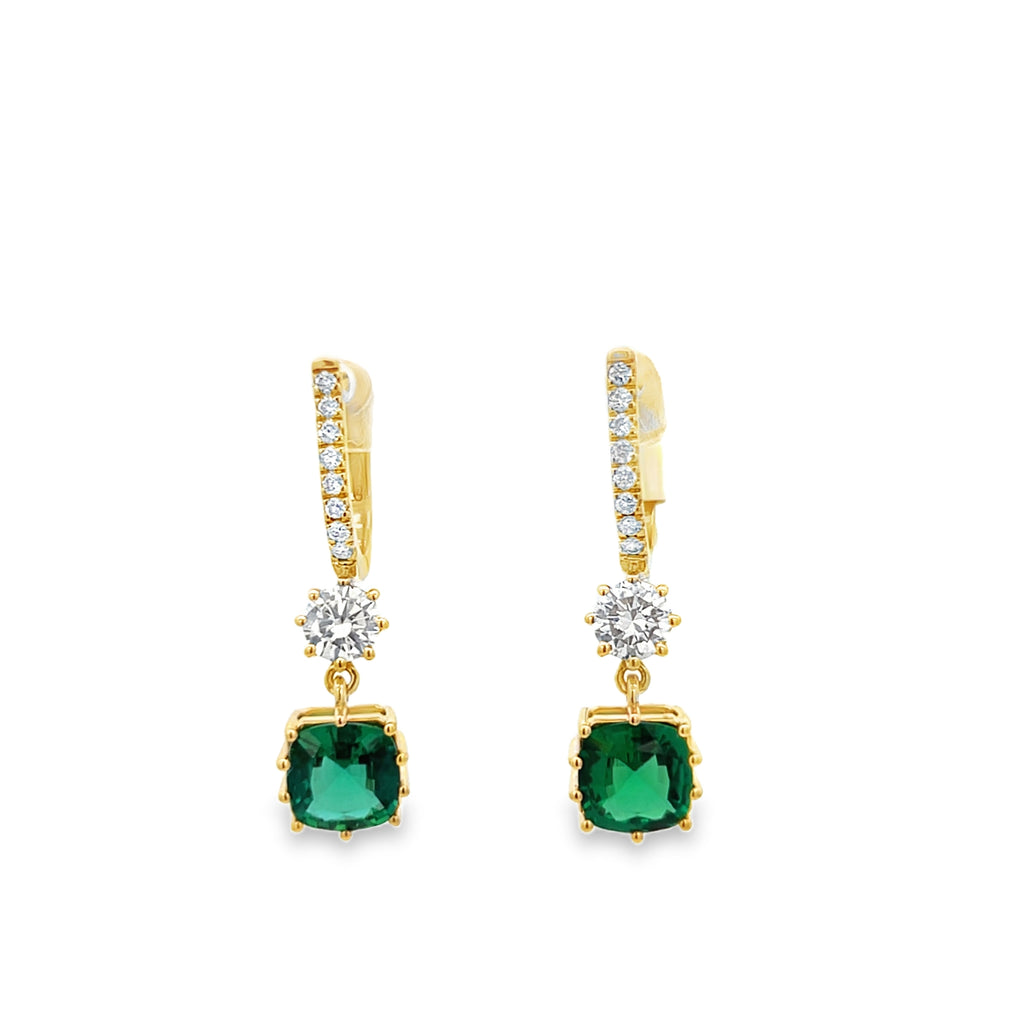Lab-Grown Cushion Cut Emerald & Diamond Huggies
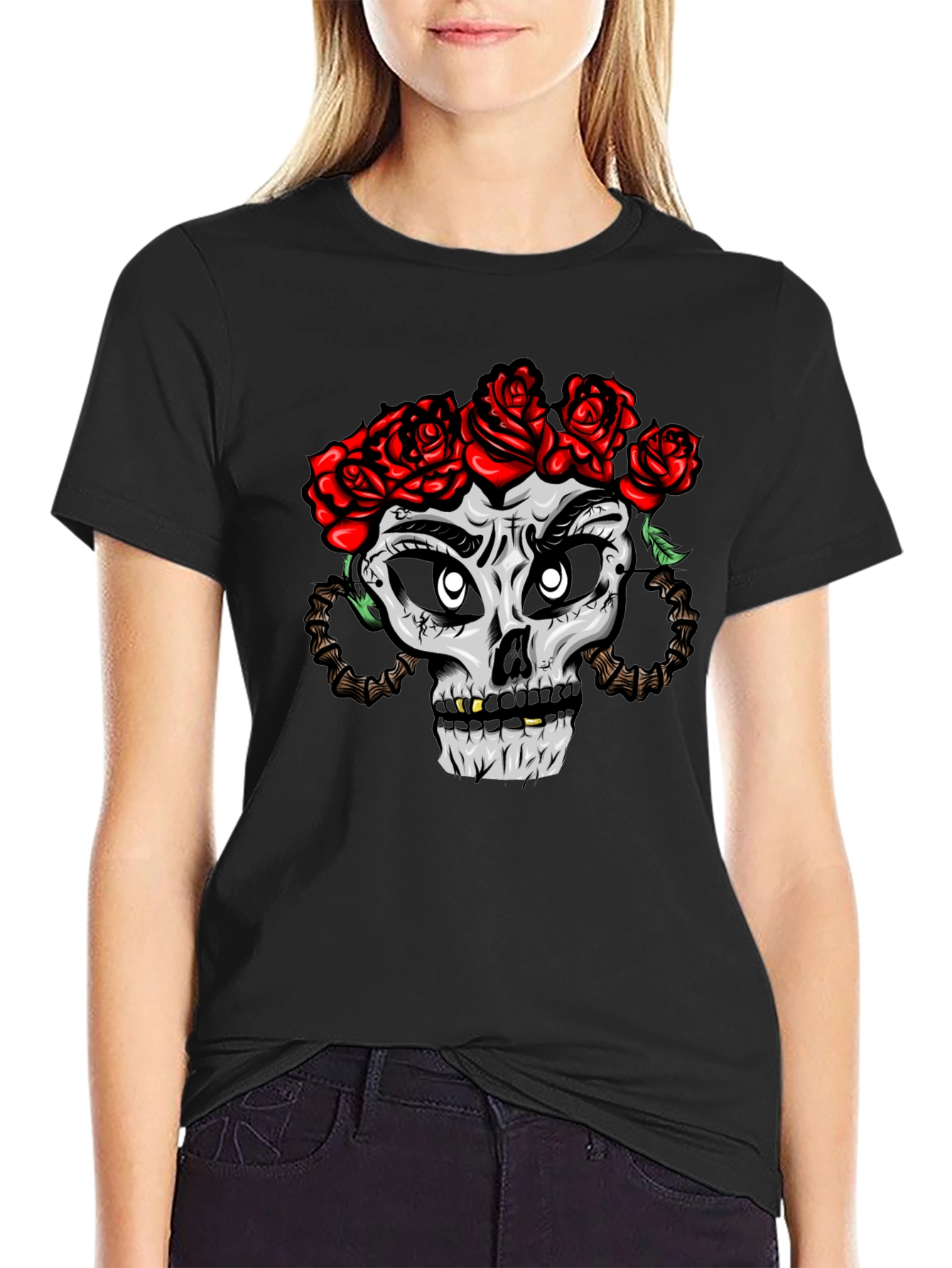 Skull with Roses Graphic Tee - Black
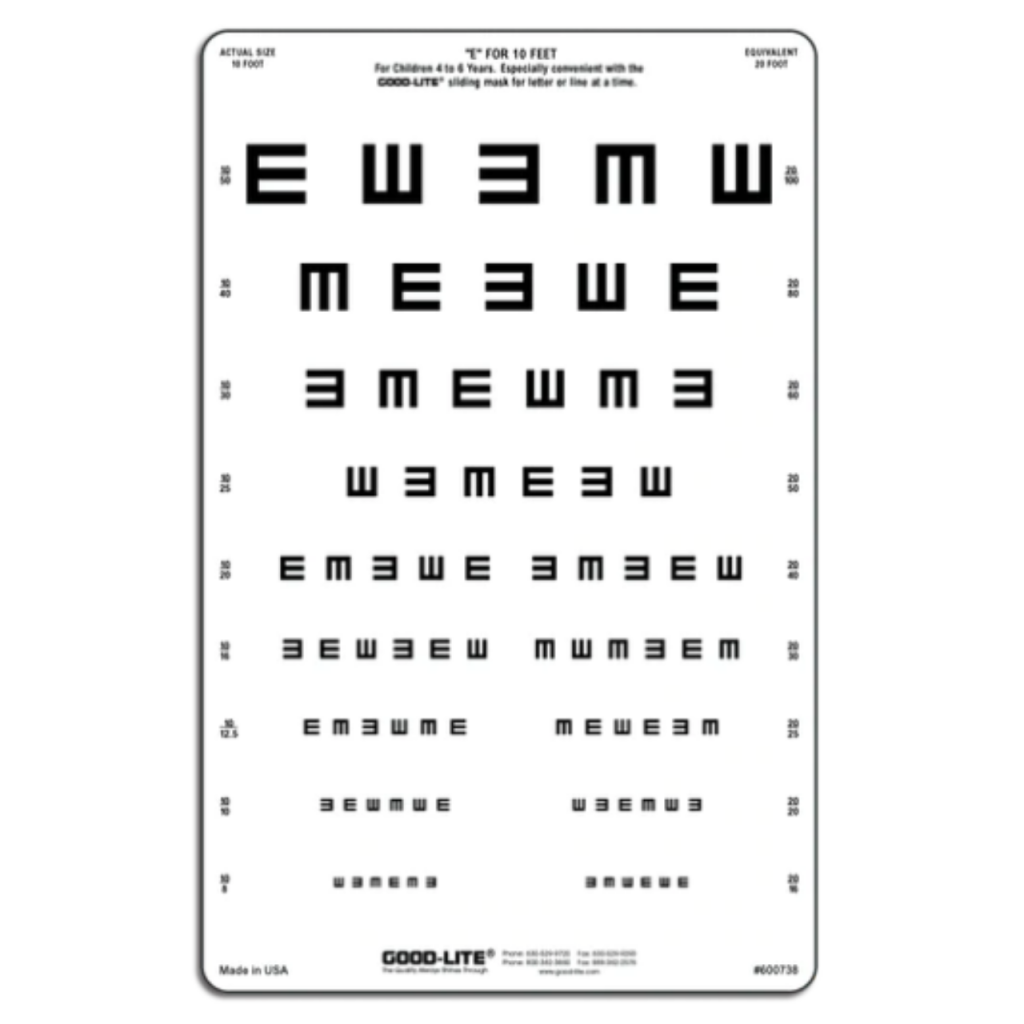 Good Lite E &amp; C Linear Spaced Distance Chart- Disponible par l&#039;intermédiaire d&#039;INNOVA, la source fiable d&#039;équipement et de fournitures ophtalmiques au Canada.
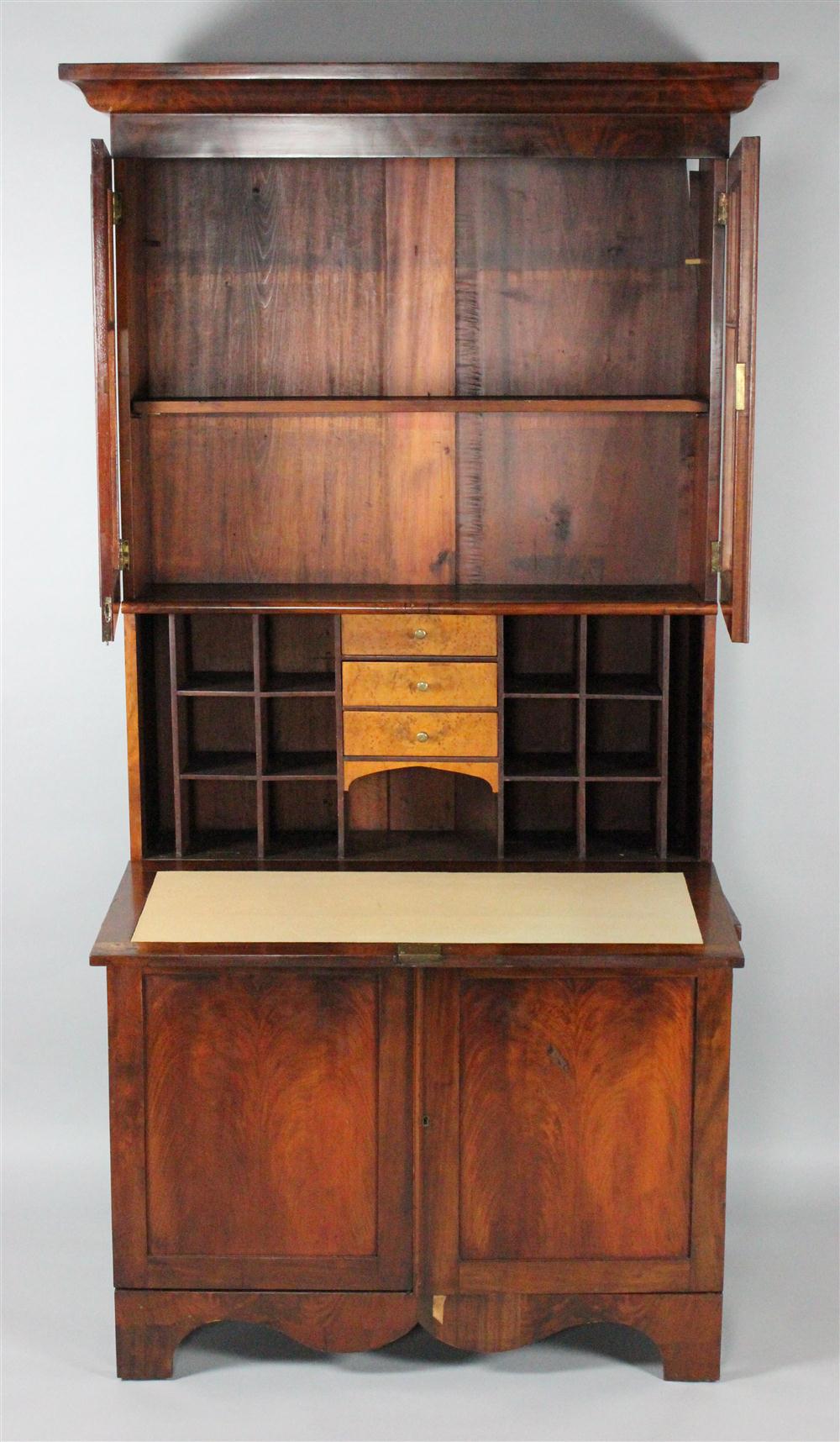 AMERICAN EMPIRE MAHOGANY CHEST AND MIRROR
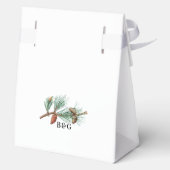 Elegante winter rustieke dennenbomen lantaarn brui bedankdoosjes (Achterkant)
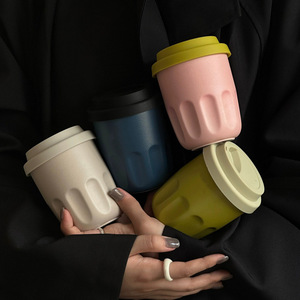 350ml colourful lấy đi xách tay <span class=keywords><strong>Mug</strong></span> biểu tượng tùy chỉnh gốm du lịch trà cốc cà phê với Silicone Nắp - Product Image 2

━━━━

* TASK
Copy out every line above, word for word, minus images.

* EXPECTED ANSWER
Lab-Grown Cushion Cut Emerald & Diamond Huggies
 Skull with Roses Graphic Tee - Black
 Good Lite E &amp; C Linear Spaced Distance Chart- Disponible par l&#039;intermédiaire d&#039;INNOVA, la source fiable d&#039;équipement et de fournitures ophtalmiques au Canada.
 AMERICAN EMPIRE MAHOGANY CHEST AND MIRROR
 Elegante winter rustieke dennenbomen lantaarn brui bedankdoosjes (Achterkant)
 350ml colourful lấy đi xách tay <span class=keywords><strong>Mug</strong></span> biểu tượng tùy chỉnh gốm du lịch trà cốc cà phê với Silicone Nắp - Product Image 2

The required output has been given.